14. When the doors close, announce to the others, "It's okay, don't panic, they open again!"

15. Swat at flies that don't exist.

16. Tell people that you can see their aura.

17. Call out, "Group Hug!"and then enforce it.

18. Grimace painfully while smacking your forehead and muttering, "Shut up, all of you, just shut up!"

19. Crack open your briefcase or purse, and while peering inside, ask, "Got enough air in there?"

20. Stand silently and motionless in the corner, facing the wall, without getting off.

21. Stare at another passenger for a while, then announce in horror, "You're one of THEM!" and back away slowly.

22. Wear a puppet on your hand and use it to talk to the other passengers.

23. Listen to the elevator walls with your stethoscope.

24. Make explosion noises when anyone presses a button.

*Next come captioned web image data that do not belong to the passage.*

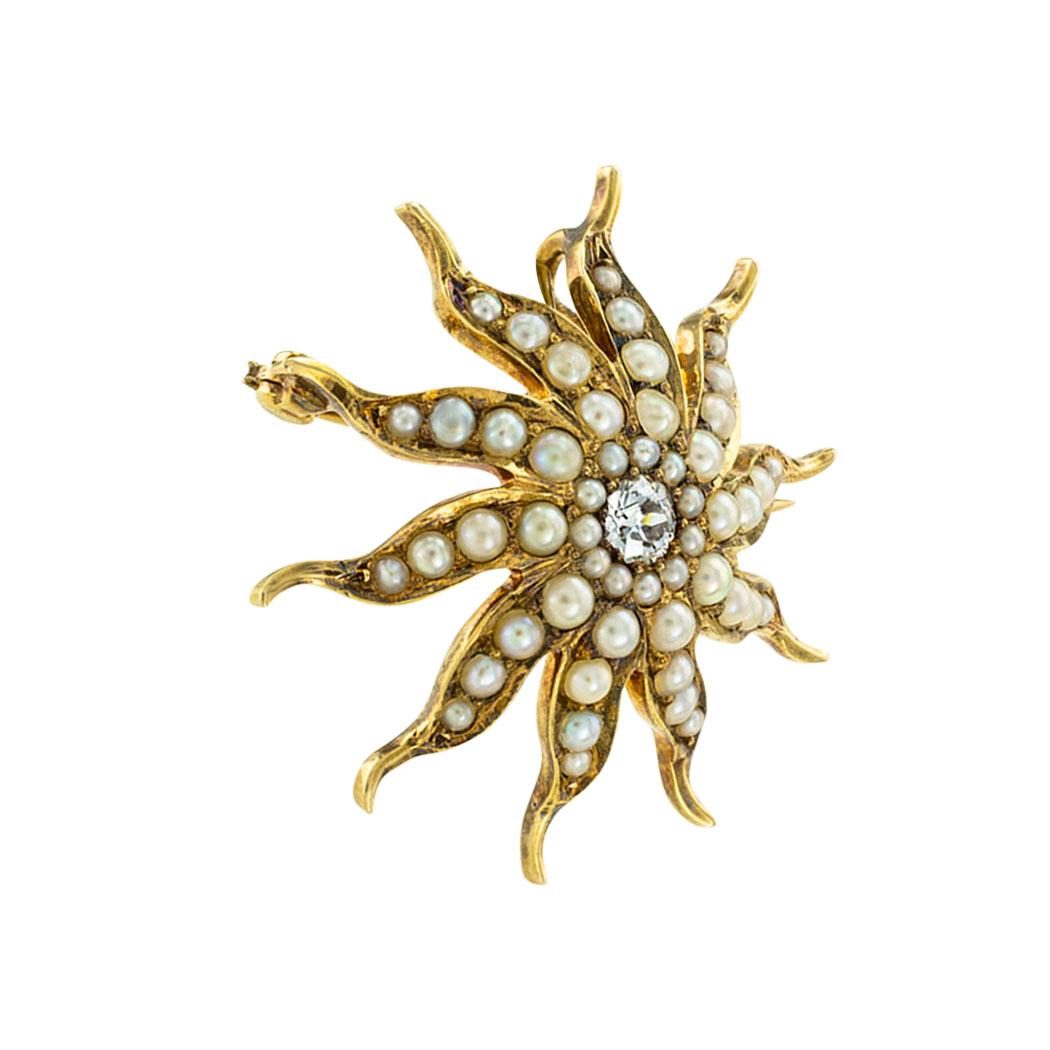 Victorian diamond pearl and yellow gold starburst brooch pendant circa 1890. 

SPECIFICATIONS:

DIAMOND:  one round diamond weighing approximately 0.20 carat, approximately VS clarity.

PEARLS:   graduating round pearls.

METAL:  14-karat yellow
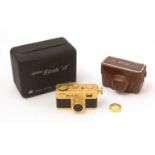 A Golden Ricoh 16 Subminiature camera.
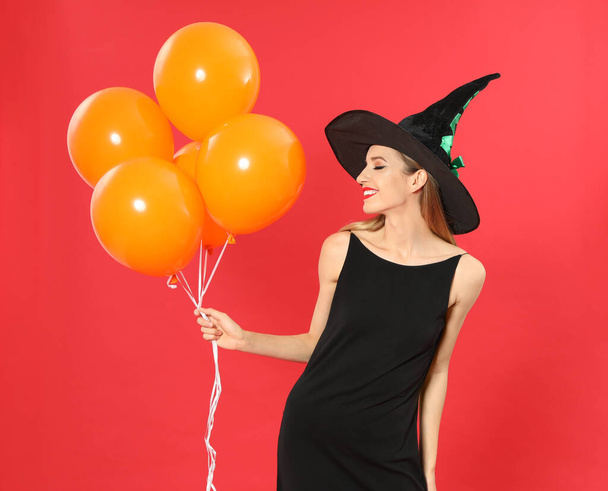 Hermosa mujer con traje de bruja con globos para la fiesta de Halloween sobre fondo rojo
 - Foto, imagen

25. Stare, grinning at another passenger for a while, then announce, "I have new socks on".

26. Draw a little square on the floor with chalk and announce to the other passengers, "This is MY personal space!"

27. Bring a plastic blow up doll and pretend it is your wife/girlfriend and say "Don't yell at me woman!" and throw her into the wall.

28. While going down in an elevator scream, "AAAAGGGGHHHH !!! WE'RE GONNA DIE!!!" for no apparent reason.

29. When the doors close after someone gets off whisper 'I love you' then blow kisses

30. At the highest floor, keep the door open, explaining that you've dropped a penny down the shaft, and you refuse to close the door, unless you hear it go "plink" at the bottom.

31. Press the emergency button while in between floors, and say your imaginary friend did it, then start screaming there's an emergency.

32. Standing in a corner of the elevator, with your face to the wall, moving left or right and quickly back and forth in front of you (around the pelvic area), making grunting noises.

33. Make sure you're making out with your lover when the door opens, then say, "Oops, how careless. You want in?"

34. Pretend you have to pee and hop around the elevator with one hand between your pants.

35. When you leave the elevator yell "Damn thing keeps shaking!"

36. Pretend to pick your nose in front of everybody and then press all the buttons.

37. Take pictures of people and tell them its for a new porn magazine.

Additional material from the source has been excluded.